At risk of understatement, Jason and Zach presided over teams with a highly pronounced Hyde accent. Don’t believe me? Check out this picture:
In addition to Nick Pratt Mandelstein ’00 and JJ Velez (former faculty), Sahba Fahrivar ’00 also played at Wheaton during this period.
And these guys comprised a decidedly motley crew. When I reached out (of-the-blue) to their coach — Brad Jorgensen, currently head coach at D2 St. Leo in Florida — his immediate response was: “My Hyde guys were great humans to work with!” He went on to note that, although Jason and Zach embodied different leadership styles — describing Jason as a “roll up the sleeves, get vocal, and get-down-to-business” type with Zach modeling a perhaps “more cerebral, less vocal, lead-by-quiet-example approach” — both inspired their teammates to their best possible level of play. (Coach Jorgenson also noted that he took his family to see Bay Ledges when their tour came through Florida.)
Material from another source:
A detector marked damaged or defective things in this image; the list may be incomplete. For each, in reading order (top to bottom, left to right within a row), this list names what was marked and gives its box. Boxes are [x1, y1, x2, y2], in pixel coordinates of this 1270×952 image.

Current men’s coach Kyle Hart may not have coached those “Hyde guys,” but he concurred with Coach Jorgensen’s assessment, calling them great ambassadors for the school and program.
Then, as Jason, Zach & Co. were transitioning out of Wheaton, in came Meredith Hurd ’04 (Zach’s sister). Meddie had just concluded her stellar Hyde career by being named to the national high school All-American women’s lacrosse team. Shortly after arriving at Wheaton, she became a 4-year go-to player and leader. She was named a captain her senior year, ultimately graduating with a number of scoring records that are still on the books.
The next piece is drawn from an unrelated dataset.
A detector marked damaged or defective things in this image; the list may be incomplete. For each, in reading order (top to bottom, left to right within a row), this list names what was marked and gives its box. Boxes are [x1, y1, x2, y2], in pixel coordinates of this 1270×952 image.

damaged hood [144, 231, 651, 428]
Coach Bialick told me that she began at Wheaton shortly after Meddy graduated but noted that “Meddy’s standard of excellence and play was a legacy carried on by the younger players who had played with her. A number of players spoke of her influence on them.”
Today, Meddy is a contract copywriter for Apple’s marketing team in Los Angeles.
And while this post is about lacrosse, other Hyde athletes (and coaches) have made significant contributions to Wheaton teams in other sports. For example, Michael Cannon ’11 and Geoffrey Fenelus ’05, recently inducted into the third class of Hyde’s Hall of Honor, played basketball at Wheaton, with Michael captaining the 2015 Lyons quintet. Furthermore, Sean Kelly, former coach and faculty member at Hyde-Woodstock and current coach at his alma mater Wheeler School (RI), was a 1,000-point scorer at Wheaton, graduating in 2006.
This brings us back to Logan. Best of luck next year. And as I told both Coach Bialick and Hart, as the self-appointed Hyde Lax Fan #1 — Fun Fact: I played on the very first team in 1969 — I’m keeping an eye out for the next lax player set to make that transition from Wolfpack to the Lyon’s den!